Imagining two apples is a different thought from imagining one apple, right?

I mean, is it? Different states of the whole cortex are different. And the cortex can't be in a state of imagining only one apple and, simultaneously, be in a state of imagining two apples, obviously. But it's tautological. What are we gaining from thinking about it in such terms? You can say the same thing about the whole brain itself, that it can only have one brain-state in a moment.

I guess there is a sense in which other parts of the brain have more various thoughts relative to what cortex can handle, but, like you said, you can use half of cortex capacity, so why not define song and legal document as different thoughts?

As abstract elements of provisional framework cortex-level thoughts are fine, I just wonder what are you claiming about real constrains, aside from "there limits on thoughts". because, for example, you need other limits anyway - you can't think arbitrary complex thought even if it is intuitively cohesive. But yeah, enough gory details.

On the other hand, I can’t have two songs playing in my head simultaneously, nor can I be thinking about two unrelated legal documents simultaneously.

I can't either, but I don't see just from the architecture why it would be impossible in principle.

Again, I think autoassociative memory / attractor dynamics is a helpful analogy here. If I have a physical instantiation of a Hopfield network, I can’t query 100 of its stored patterns in parallel, right? I have to do it serially.

Yes, but you can theoretically encode many things in each pattern? Although if your parallel processes need different data, one of them will have to skip some responses... Would be better to have different networks, but I don't see brain providing much isolation. Well, it seems to illustrate complications of parallel processing that may played a role in humans usually staying serial.

You say “tautological”, I say “obvious”. You can’t parse a legal document and try to remember your friend’s name at the exact same moment. That’s all I’m saying! This is supposed to be very obvious common sense, not profound.

What are we gaining from thinking about it in such terms?

Consider the following fact:

FACT: Sometimes, I’m thinking about pencils. Other times, I’m not thinking about pencils.

Now imagine that there’s a predictive (a.k.a. self-supervised) learning algorithm which is tasked with predicting upcoming sensory inputs, by building generative models. The above fact is very important! If the predictive learning algorithm does not somehow incorporate that fact into its generative models, then those generative models will be worse at making predictions. For example, if I’m thinking about pencils, then I’m likelier to talk about pencils, and look at pencils, and grab a pencil, etc., compared to if I’m not thinking about pencils. So the predictive learning algorithm is incentivized (by its predictive loss function) to build a generative model that can represent the fact that any given concept might be active in the cortex at a certain time, or might not be.

Again, this is all supposed to sound very obvious, not profound.

You can say the same thing about the whole brain itself, that it can only have one brain-state in a moment.

Yes, it’s also useful for the predictive learning algorithm to build generative models that capture other aspects of the brain state, outside the cortex.

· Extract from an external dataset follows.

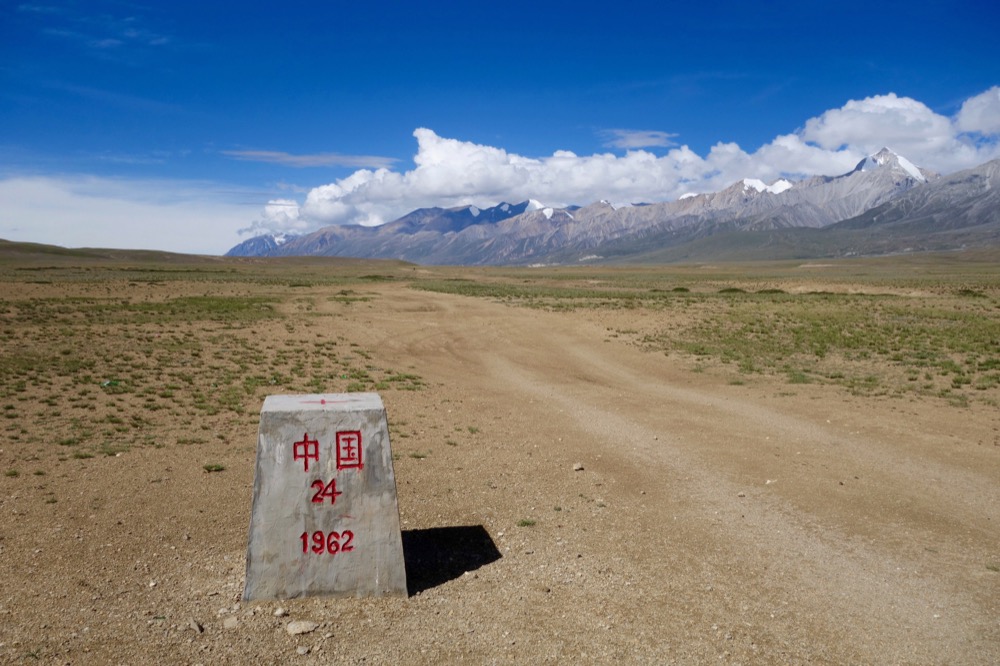 China-Nepal border pillar in Upper Mustang. © 2015 Galen Murton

Thus we wind up with intuitive concepts that represent the possibility that we can be in one mood or another, that we can be experiencing a certain physiological reaction, etc.

On the other hand, I can’t have two songs playing in my head simultaneously,

Tangent: I play at irish sessions, and one of the things you have to do there is swap tunes. If you lead a transition you have to be imagining the next tune you're going to play at the same time as you're playing the current tune. In fact, often you have to decide on the next tune on the fly. This us a skill that takes some time to grok. You're probably conceptualizing the current and future tunes differently, but there's still a lot of overlap - you have to keep playing in sync with other people the entire time, while at the same time recalling and anticipating the future tune.